Wrapped in her bathrobe, a towel on her head, she opened the door to the bathroom, and there, sitting on her bed, wide awake, was the reason for her emotional roller coaster ride. Now she felt as if someone had punched her in the stomach. And all she could do was freeze there, holding the door.
He obviously wanted to talk, right? He hadn't come here, in the middle of the night, directly after returning from the Congo, to just fall asleep on her couch...? But in the past two months or so, Abby had had no luck in reading Carter's thoughts. In particular, since Gamma died, he'd put up a wall that Abby could not see around. She knew that she'd hurt him, she knew that she had made a difficult choice that he could not understand, but what else could she have done?
And yet...There had been problems before the funeral. Who knows when exactly they started? Was it the night Carter came home to find her drunk after finding out Eric was missing? Or was it later, when Carter didn't propose, because something...just wasn't right? Whenever it was, their grip on whatever they had been growing for two years had slowly and imperceptibly lessened until now, here they were, without a clue as to how to fix it.
Abby slipped into the steaming shower, trying to simultaneously get ready for work and clear her head. She wanted so badly to just hide from Carter indefinitely. She wasn't equipped to deal with these things; she was so used to not expressing her true emotions. But Carter always seemed to know, anyway. Always had a way of doing or saying just the right thing to make her better. At least, he used to.
That night, when she had found that ring, something in her broke. She had hoped so much that this time, this relationship, this man...but again, it had fallen apart. Maybe not completely, maybe not in a final way, but to Abby, all she needed was to know that he had changed his mind. That, given the chance to think about it, he had decided that spending his life with her wasn't enough. And that was fine because she was used to it, she was used to the let down, and frankly it was too hard trying not to disappoint him. It was inevitable, it continually happened, and this way must just be better.
And yet...and yet.
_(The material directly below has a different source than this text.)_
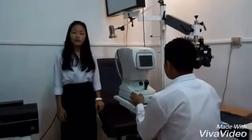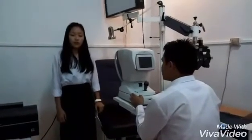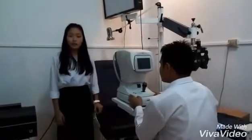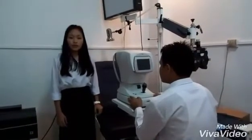Today we will be doing the procedures of our refractometry. Before going into the procedure, we must make sure that the patient is instructed well about how the procedure should be carried out.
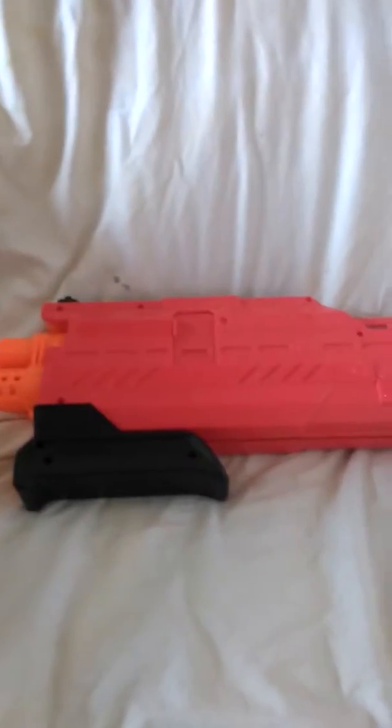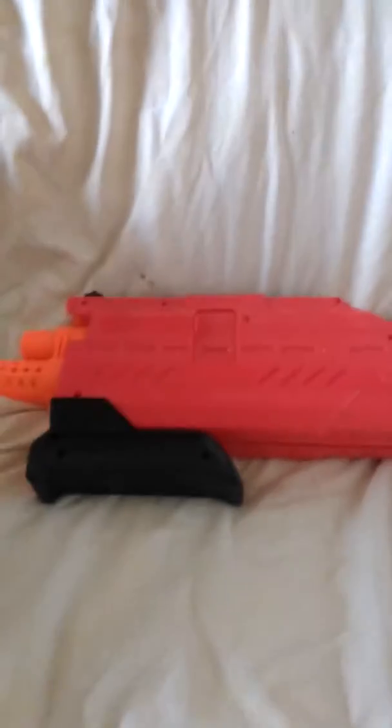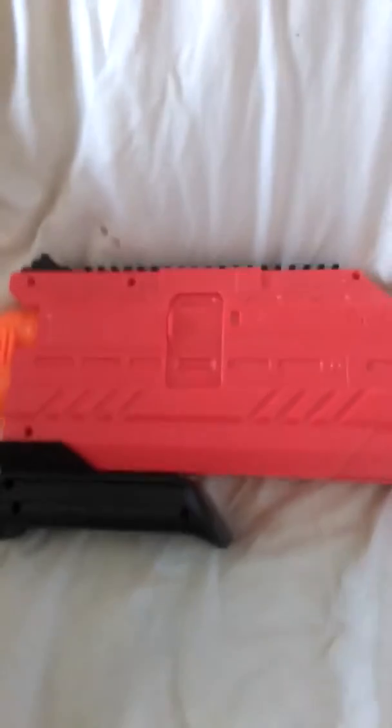Hey guys, I'm a 59 year old man, and this is my Nerf Rival. It's the Atlas XVI 1200.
There it was. She loved him; she knew it, she hoped he knew it, and God knows she couldn't stop it. She wanted to, she wanted so badly to stop it, because this is where loving him landed her. Why was it always so complicated? Whatever happened to their afternoon delight? How could they so quickly go from making love in the afternoon to this: him running away to Africa and her alone?
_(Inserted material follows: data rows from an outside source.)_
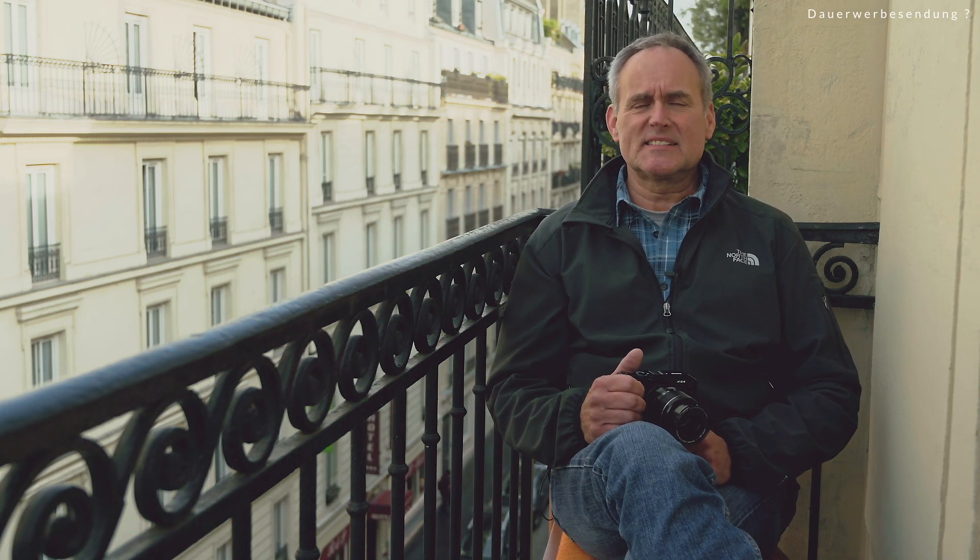Ich fokussiere im AF-S-Modus. Dieser Modus steht bei jeder Kamera mit Autofokus zur Verfügung. Er lässt uns auslösen, wenn der Bereich im Autofokus-Messfeld wirklich auch sauber fokussiert ist – sonst können wir nicht auslösen. Man kann das auch auf AF-C umstellen, sodass die Kamera unabhängig davon, ob scharf gestellt ist oder nicht, auslöst – beispielsweise wenn man bewusst mit Unschärfe arbeiten will. Ich habe für mich festgestellt: AF-S ist für mich die beste Methode der Wahl.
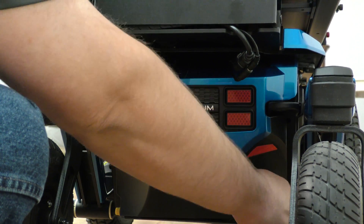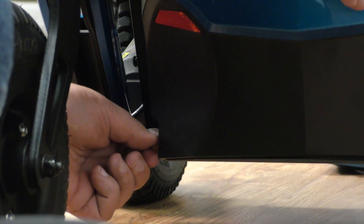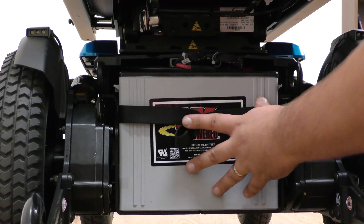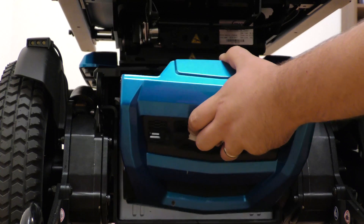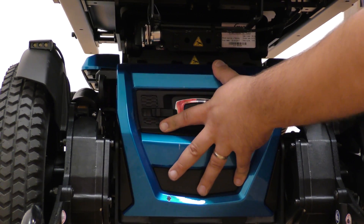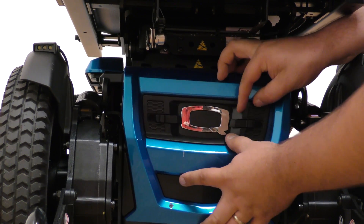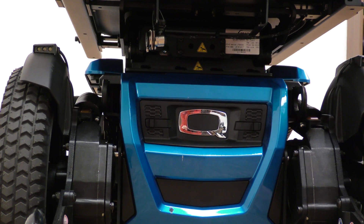Put the back shroud back on, retightening the thumb screws. Push the batteries back in, replace the front door, and lock it back into position.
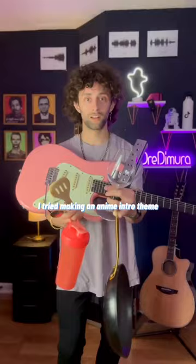To celebrate Pro Tools' new Sonic Drop, I tried making an anime intro theme with everything but the kitchen sink. Here's what happened.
It was so easy at this point to just blame it on herself, but now, standing in the shower, she got angry. 'This time it is most certainly not all my fault. I know I've made mistakes, I know I've screwed up, and I know my family is crazy,' she thought. 'But damn it, Carter, I said I was sorry! I asked you for forgiveness for something that was out of my control, and you couldn't even offer me that. How could you ask me to choose my brother over you? All I wanted to do was hold you, tell you everything would be okay, and you pushed me away. Maybe I shouldn't have left when you told me to, maybe I should have just held on, but I'm not made like that.'
Abby shut off the water, pulled the curtain back and stepped out of the shower, trying to do so quietly despite her raging fury. This time her anger was based on reality, not a dream, and it made it all the more intense. She wanted to storm around, slam doors and punch Carter in the stomach, but she couldn't. She knew if she had to face him she would fall apart, and she couldn't do that in front of him. Not now.
Unfortunately, he wasn't going to give her that choice.
Wrapped in her bathrobe, a towel on her head, she opened the door to the bathroom, and there, sitting on her bed, wide awake, was the reason for her emotional roller coaster ride. Now she felt as if someone had punched her in the stomach. And all she could do was freeze there, holding the door.